With two fewer actors coming to the Festival next season, he said, that means two fewer actors with jobs and two fewer professionals in Blyth to pay rent, shop at its stores and eat in its restaurants.
What has made Garratt really upset in the wake of these cuts and the public discussion surrounding them is how arts and culture are being politicized by many.
Huron-Bruce MPP and Minister of Education Lisa Thompson, for example, he said, has been a great supporter of the Festival over the years. The idea that arts and culture are somehow aligned with Liberal or NDP ideals and that they’re not “Conservative” is confusing to him.
For generations, he said, governments of all stripes have supported arts and culture with tremendous effect, so for Conservative supporters to look down their nose at arts and culture as being associated with another party or idealogy just doesn’t make any sense to him, especially when arts and culture are one of Ontario’s main economic drivers, generating over $25 billion per year, nearly five per cent of the province’s GDP.
Again, Garratt said that all of his concerns are speculative until the Festival’s grant application receives a response, but even at the provincial level, he said, the cuts are disturbing.
There are many smaller theatre companies, he said, that are living “closer to the edge” than the Blyth Festival is and these cuts may cause them to scrap entire productions or even close up shop.
Those decisions, he said, represent stories that won’t be told and potential success stories that won’t have a chance to be written.
The Ford government’s sweeping cuts announced over the weekend have made significant waves throughout the province and many of the announcements have connections to Huron County.
On Friday, a group of protestors set up shop in front of Thompson’s Blyth office to protest the tabling of Bill 66, which would significantly roll back environmental regulations in the province.

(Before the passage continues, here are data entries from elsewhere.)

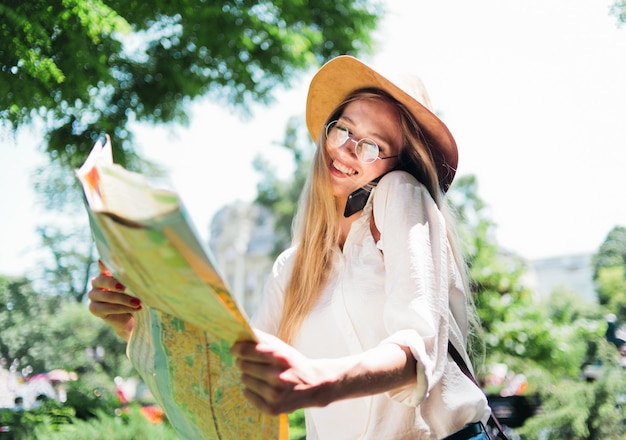 Giovane donna che guarda la mappa della città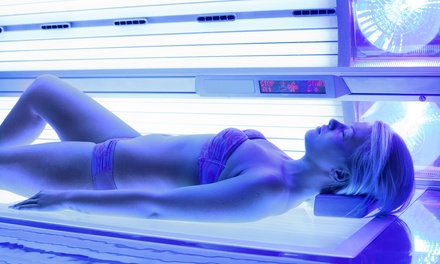 One-Month Level 1 Membership with One UV Tanning Session Per Day (Up to 30 Sessions) - 4 Seasons Tanning & Spa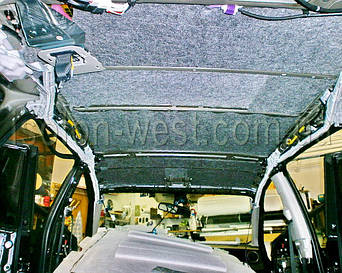 Далее идет слой плотного войлока. Это лучший в мире шумоизолятор.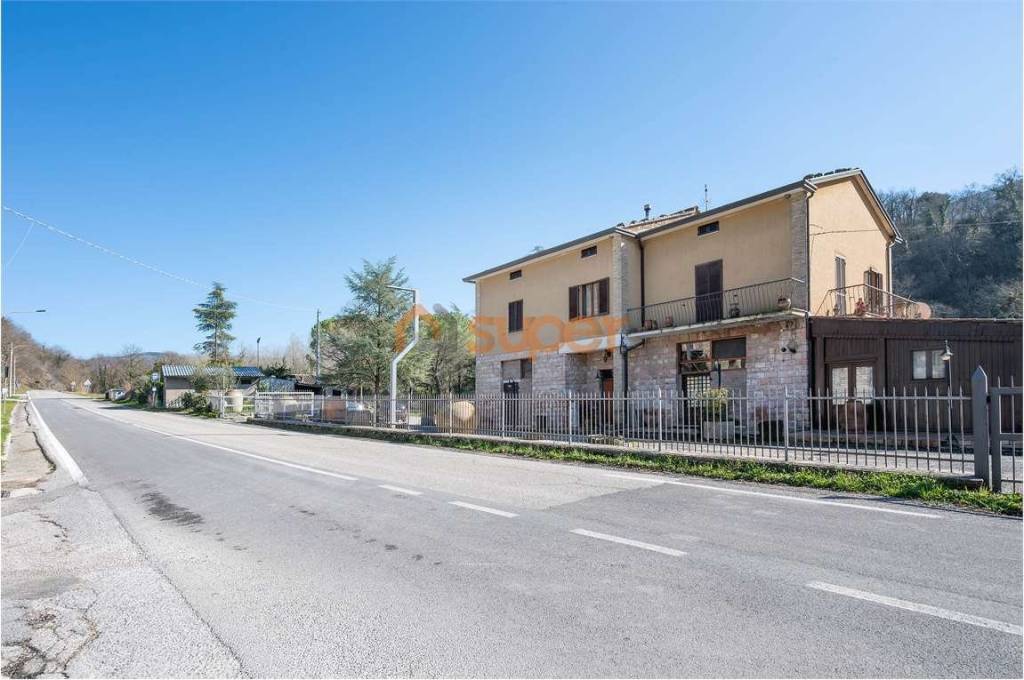 casa indipendente in vendita ad Assisi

The government also announced that it would be revoking current and future funding for the College of Midwives of Ontario, a body which has seen government funding for the last 25 years.
One of Blyth’s newest businesses is Huron Midwives on Blyth Road, which was just honoured for its accessibility improvements.
Ellen Peel, owner of Huron Midwives, was unavailable for comment on any effect the cuts may have on her business when The Citizen attempted to reach her.
Further cuts by the Ministry of Education have also put Thompson under the microscope of the province once again.
Despite the fact that public consultation over education is still ongoing, Thompson’s ministry made further cuts to programs over the weekend. The Ford government is cutting $25 million for specialized programs across the province, which many critics have said will affect at-risk youth in some of the province’s low-income areas.